● **AIM OF THE EXERCISE**
Every entry below must be copied exactly, with nothing left out.

*** RECORDS PROVIDED ***

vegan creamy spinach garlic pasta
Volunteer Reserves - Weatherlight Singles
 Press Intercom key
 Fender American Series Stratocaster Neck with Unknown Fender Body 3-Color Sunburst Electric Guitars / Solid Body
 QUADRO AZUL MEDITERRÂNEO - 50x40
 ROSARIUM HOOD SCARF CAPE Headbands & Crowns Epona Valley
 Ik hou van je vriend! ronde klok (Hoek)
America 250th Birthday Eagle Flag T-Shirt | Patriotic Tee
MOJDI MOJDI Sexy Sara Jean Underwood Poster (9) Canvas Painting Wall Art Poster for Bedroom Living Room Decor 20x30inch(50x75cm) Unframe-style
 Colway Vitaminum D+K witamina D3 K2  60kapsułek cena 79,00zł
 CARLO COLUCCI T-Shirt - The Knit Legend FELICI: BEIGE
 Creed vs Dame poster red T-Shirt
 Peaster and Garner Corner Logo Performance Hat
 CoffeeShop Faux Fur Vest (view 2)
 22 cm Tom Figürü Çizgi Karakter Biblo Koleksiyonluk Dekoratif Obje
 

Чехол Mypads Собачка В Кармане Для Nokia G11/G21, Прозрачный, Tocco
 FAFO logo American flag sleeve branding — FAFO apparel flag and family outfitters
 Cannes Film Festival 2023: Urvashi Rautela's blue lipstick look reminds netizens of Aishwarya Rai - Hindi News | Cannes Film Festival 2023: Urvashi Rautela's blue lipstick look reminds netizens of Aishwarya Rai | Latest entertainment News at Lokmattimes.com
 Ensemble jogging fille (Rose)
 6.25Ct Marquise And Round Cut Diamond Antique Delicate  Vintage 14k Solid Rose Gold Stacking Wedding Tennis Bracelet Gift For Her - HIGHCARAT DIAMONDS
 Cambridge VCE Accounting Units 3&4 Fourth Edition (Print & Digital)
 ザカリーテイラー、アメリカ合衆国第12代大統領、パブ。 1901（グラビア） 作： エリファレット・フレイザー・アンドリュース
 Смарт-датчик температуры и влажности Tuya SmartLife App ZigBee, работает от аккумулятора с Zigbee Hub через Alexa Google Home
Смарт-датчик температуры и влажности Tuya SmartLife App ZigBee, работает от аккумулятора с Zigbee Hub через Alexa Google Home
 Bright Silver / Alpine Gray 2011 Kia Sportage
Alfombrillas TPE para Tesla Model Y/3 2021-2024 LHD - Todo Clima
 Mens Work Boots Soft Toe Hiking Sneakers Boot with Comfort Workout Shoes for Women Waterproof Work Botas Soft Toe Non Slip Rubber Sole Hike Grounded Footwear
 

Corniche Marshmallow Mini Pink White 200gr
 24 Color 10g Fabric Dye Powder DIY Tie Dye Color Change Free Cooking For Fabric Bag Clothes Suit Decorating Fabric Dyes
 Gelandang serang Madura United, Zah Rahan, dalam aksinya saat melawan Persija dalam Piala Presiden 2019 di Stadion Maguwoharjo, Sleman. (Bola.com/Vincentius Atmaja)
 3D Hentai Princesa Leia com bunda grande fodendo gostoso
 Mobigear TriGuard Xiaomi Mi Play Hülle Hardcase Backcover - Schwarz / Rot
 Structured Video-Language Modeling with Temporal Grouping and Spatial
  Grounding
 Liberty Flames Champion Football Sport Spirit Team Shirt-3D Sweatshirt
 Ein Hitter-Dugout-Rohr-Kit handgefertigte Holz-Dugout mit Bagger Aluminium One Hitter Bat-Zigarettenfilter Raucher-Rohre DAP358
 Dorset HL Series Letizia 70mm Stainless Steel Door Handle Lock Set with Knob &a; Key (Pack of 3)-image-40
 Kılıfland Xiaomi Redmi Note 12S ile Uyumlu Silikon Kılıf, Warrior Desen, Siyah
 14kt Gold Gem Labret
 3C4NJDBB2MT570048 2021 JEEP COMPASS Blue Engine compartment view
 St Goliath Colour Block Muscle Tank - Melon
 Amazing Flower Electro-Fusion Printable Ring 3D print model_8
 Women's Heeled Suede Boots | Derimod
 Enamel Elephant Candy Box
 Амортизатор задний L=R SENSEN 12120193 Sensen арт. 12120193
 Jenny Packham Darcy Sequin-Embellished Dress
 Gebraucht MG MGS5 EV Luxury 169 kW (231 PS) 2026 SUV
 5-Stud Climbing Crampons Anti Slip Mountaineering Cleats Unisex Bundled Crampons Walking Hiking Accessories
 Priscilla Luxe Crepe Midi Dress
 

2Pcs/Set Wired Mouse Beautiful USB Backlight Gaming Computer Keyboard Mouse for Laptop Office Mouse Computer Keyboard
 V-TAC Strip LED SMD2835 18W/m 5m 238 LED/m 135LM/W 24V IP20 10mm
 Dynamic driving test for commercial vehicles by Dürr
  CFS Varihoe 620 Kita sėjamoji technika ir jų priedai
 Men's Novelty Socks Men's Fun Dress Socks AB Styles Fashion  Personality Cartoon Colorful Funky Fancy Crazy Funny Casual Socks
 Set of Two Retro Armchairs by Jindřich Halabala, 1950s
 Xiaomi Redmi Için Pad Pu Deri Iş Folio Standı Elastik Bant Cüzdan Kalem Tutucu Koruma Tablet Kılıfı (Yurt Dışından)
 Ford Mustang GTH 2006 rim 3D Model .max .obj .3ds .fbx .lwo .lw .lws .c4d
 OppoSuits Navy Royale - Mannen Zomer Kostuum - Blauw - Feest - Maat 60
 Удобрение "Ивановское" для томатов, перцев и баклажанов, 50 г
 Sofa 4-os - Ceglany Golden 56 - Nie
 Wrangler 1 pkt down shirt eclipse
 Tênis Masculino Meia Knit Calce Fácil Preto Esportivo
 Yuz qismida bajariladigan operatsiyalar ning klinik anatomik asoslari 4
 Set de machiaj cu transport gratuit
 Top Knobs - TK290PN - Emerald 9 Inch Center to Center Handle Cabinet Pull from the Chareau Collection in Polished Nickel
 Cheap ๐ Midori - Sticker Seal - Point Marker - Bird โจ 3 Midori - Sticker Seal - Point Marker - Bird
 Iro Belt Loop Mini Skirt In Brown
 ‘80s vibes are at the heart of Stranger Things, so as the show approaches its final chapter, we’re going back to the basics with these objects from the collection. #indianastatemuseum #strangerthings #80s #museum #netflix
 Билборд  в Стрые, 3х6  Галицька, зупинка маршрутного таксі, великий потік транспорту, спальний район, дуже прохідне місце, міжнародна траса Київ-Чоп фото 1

*** End of RECORDS PROVIDED ***

● **WRITTEN RESPONSE**
vegan creamy spinach garlic pasta
Volunteer Reserves - Weatherlight Singles
 Press Intercom key
 Fender American Series Stratocaster Neck with Unknown Fender Body 3-Color Sunburst Electric Guitars / Solid Body
 QUADRO AZUL MEDITERRÂNEO - 50x40
 ROSARIUM HOOD SCARF CAPE Headbands & Crowns Epona Valley
 Ik hou van je vriend! ronde klok (Hoek)
America 250th Birthday Eagle Flag T-Shirt | Patriotic Tee
MOJDI MOJDI Sexy Sara Jean Underwood Poster (9) Canvas Painting Wall Art Poster for Bedroom Living Room Decor 20x30inch(50x75cm) Unframe-style
 Colway Vitaminum D+K witamina D3 K2  60kapsułek cena 79,00zł
 CARLO COLUCCI T-Shirt - The Knit Legend FELICI: BEIGE
 Creed vs Dame poster red T-Shirt
 Peaster and Garner Corner Logo Performance Hat
 CoffeeShop Faux Fur Vest (view 2)
 22 cm Tom Figürü Çizgi Karakter Biblo Koleksiyonluk Dekoratif Obje
 

Чехол Mypads Собачка В Кармане Для Nokia G11/G21, Прозрачный, Tocco
 FAFO logo American flag sleeve branding — FAFO apparel flag and family outfitters
 Cannes Film Festival 2023: Urvashi Rautela's blue lipstick look reminds netizens of Aishwarya Rai - Hindi News | Cannes Film Festival 2023: Urvashi Rautela's blue lipstick look reminds netizens of Aishwarya Rai | Latest entertainment News at Lokmattimes.com
 Ensemble jogging fille (Rose)
 6.25Ct Marquise And Round Cut Diamond Antique Delicate  Vintage 14k Solid Rose Gold Stacking Wedding Tennis Bracelet Gift For Her - HIGHCARAT DIAMONDS
 Cambridge VCE Accounting Units 3&4 Fourth Edition (Print & Digital)
 ザカリーテイラー、アメリカ合衆国第12代大統領、パブ。 1901（グラビア） 作： エリファレット・フレイザー・アンドリュース
 Смарт-датчик температуры и влажности Tuya SmartLife App ZigBee, работает от аккумулятора с Zigbee Hub через Alexa Google Home
Смарт-датчик температуры и влажности Tuya SmartLife App ZigBee, работает от аккумулятора с Zigbee Hub через Alexa Google Home
 Bright Silver / Alpine Gray 2011 Kia Sportage
Alfombrillas TPE para Tesla Model Y/3 2021-2024 LHD - Todo Clima
 Mens Work Boots Soft Toe Hiking Sneakers Boot with Comfort Workout Shoes for Women Waterproof Work Botas Soft Toe Non Slip Rubber Sole Hike Grounded Footwear
 

Corniche Marshmallow Mini Pink White 200gr
 24 Color 10g Fabric Dye Powder DIY Tie Dye Color Change Free Cooking For Fabric Bag Clothes Suit Decorating Fabric Dyes
 Gelandang serang Madura United, Zah Rahan, dalam aksinya saat melawan Persija dalam Piala Presiden 2019 di Stadion Maguwoharjo, Sleman. (Bola.com/Vincentius Atmaja)
 3D Hentai Princesa Leia com bunda grande fodendo gostoso
 Mobigear TriGuard Xiaomi Mi Play Hülle Hardcase Backcover - Schwarz / Rot
 Structured Video-Language Modeling with Temporal Grouping and Spatial
  Grounding
 Liberty Flames Champion Football Sport Spirit Team Shirt-3D Sweatshirt
 Ein Hitter-Dugout-Rohr-Kit handgefertigte Holz-Dugout mit Bagger Aluminium One Hitter Bat-Zigarettenfilter Raucher-Rohre DAP358
 Dorset HL Series Letizia 70mm Stainless Steel Door Handle Lock Set with Knob &a; Key (Pack of 3)-image-40
 Kılıfland Xiaomi Redmi Note 12S ile Uyumlu Silikon Kılıf, Warrior Desen, Siyah
 14kt Gold Gem Labret
 3C4NJDBB2MT570048 2021 JEEP COMPASS Blue Engine compartment view
 St Goliath Colour Block Muscle Tank - Melon
 Amazing Flower Electro-Fusion Printable Ring 3D print model_8
 Women's Heeled Suede Boots | Derimod
 Enamel Elephant Candy Box
 Амортизатор задний L=R SENSEN 12120193 Sensen арт. 12120193
 Jenny Packham Darcy Sequin-Embellished Dress
 Gebraucht MG MGS5 EV Luxury 169 kW (231 PS) 2026 SUV
 5-Stud Climbing Crampons Anti Slip Mountaineering Cleats Unisex Bundled Crampons Walking Hiking Accessories
 Priscilla Luxe Crepe Midi Dress
 

2Pcs/Set Wired Mouse Beautiful USB Backlight Gaming Computer Keyboard Mouse for Laptop Office Mouse Computer Keyboard
 V-TAC Strip LED SMD2835 18W/m 5m 238 LED/m 135LM/W 24V IP20 10mm
 Dynamic driving test for commercial vehicles by Dürr
  CFS Varihoe 620 Kita sėjamoji technika ir jų priedai
 Men's Novelty Socks Men's Fun Dress Socks AB Styles Fashion  Personality Cartoon Colorful Funky Fancy Crazy Funny Casual Socks
 Set of Two Retro Armchairs by Jindřich Halabala, 1950s
 Xiaomi Redmi Için Pad Pu Deri Iş Folio Standı Elastik Bant Cüzdan Kalem Tutucu Koruma Tablet Kılıfı (Yurt Dışından)
 Ford Mustang GTH 2006 rim 3D Model .max .obj .3ds .fbx .lwo .lw .lws .c4d
 OppoSuits Navy Royale - Mannen Zomer Kostuum - Blauw - Feest - Maat 60
 Удобрение "Ивановское" для томатов, перцев и баклажанов, 50 г
 Sofa 4-os - Ceglany Golden 56 - Nie
 Wrangler 1 pkt down shirt eclipse
 Tênis Masculino Meia Knit Calce Fácil Preto Esportivo
 Yuz qismida bajariladigan operatsiyalar ning klinik anatomik asoslari 4
 Set de machiaj cu transport gratuit
 Top Knobs - TK290PN - Emerald 9 Inch Center to Center Handle Cabinet Pull from the Chareau Collection in Polished Nickel
 Cheap ๐ Midori - Sticker Seal - Point Marker - Bird โจ 3 Midori - Sticker Seal - Point Marker - Bird
 Iro Belt Loop Mini Skirt In Brown
 ‘80s vibes are at the heart of Stranger Things, so as the show approaches its final chapter, we’re going back to the basics with these objects from the collection. #indianastatemuseum #strangerthings #80s #museum #netflix
 Билборд  в Стрые, 3х6  Галицька, зупинка маршрутного таксі, великий потік транспорту, спальний район, дуже прохідне місце, міжнародна траса Київ-Чоп фото 1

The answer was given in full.